Guatemala's attorney general and a U.N-backed anti-graft body are seeking to investigate President Jimmy Morales in a probe into suspected illicit campaign financing.
At a news conference, Ivan Velasquez, the head of the International Commission Against Impunity in Guatemala, CICIG, said there was evidence that Morales broke laws when he was the head of his political party and prosecutors had filed a motion to investigate the him.
"In order to advance the investigation, it's necessary to remove his immunity," Velasquez told reporters in Guatemala City.
24 hours earlier, he unveiled a probe into all political parties over alleged wrongdoing related to financing for the 2015 election campaign.
To remove Morales's immunity, prosecutors need the go-ahead from both the Supreme Court and a two-thirds majority in Congress.
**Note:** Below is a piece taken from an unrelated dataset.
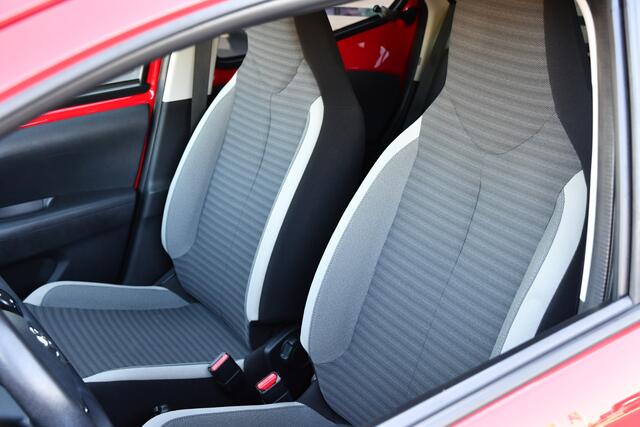 Toyota AYGO 1.0 VVT-i x-joy 5-deurs 72pk | Climate Control | Lichtmetalen velgen 15" | Achteruitrijcamera |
He could then be formally investigated and charged.
In a statement, the president's office said, "The President of the Republic has been and is respectful of the law and due process, and thus is confident in the objectivity of justice."
Morales took office in 2016, winning the election on an anti-corruption ticket after the CICIG helped to bring down his predecessor over a multi-million-dollar corruption scandal.
Earlier this week, two government officials told Reuters that Morales would ask U.N. Secretary-General Antonio Guterres to replace Velasquez, who is already investigating a graft case that involves the president's elder brother Sammy Morales and Jose Manuel Morales, one the president's sons.
"He better have some really valid reasons ... to seek my removal from the post," said Velasquez, adding he would not resign.
Morales met Guterres in New York on Friday afternoon. The secretary-general reiterated his backing for Velasquez and the CICIG's work at the meeting, with Guterres citing "the Organisation’s continuing support to the mandate of the International Commission Against Impunity in Guatemala," the United Nations said in a statement.
The president's office, in its statement, said it was worried about "manipulation" of information about the visit. It said Morales told Guterres it was important the CICIG stick to its original mandate.
Guatemala's foreign minister, Carlos Morales, who is not related to the president, told Reuters that there had been no request to remove Velasquez from office.
The CICIG was created in 2007 to help the nation's criminal justice system fight organized crime, corruption and impunity more effectively.
Guatemala's Attorney General Thelma Aldana is investigating the suspected illegal campaign funding with the CICIG.
Aldana said on Tuesday that she would resign if the president ousted Velasquez, whose tenure is scheduled is due to expire in 2019.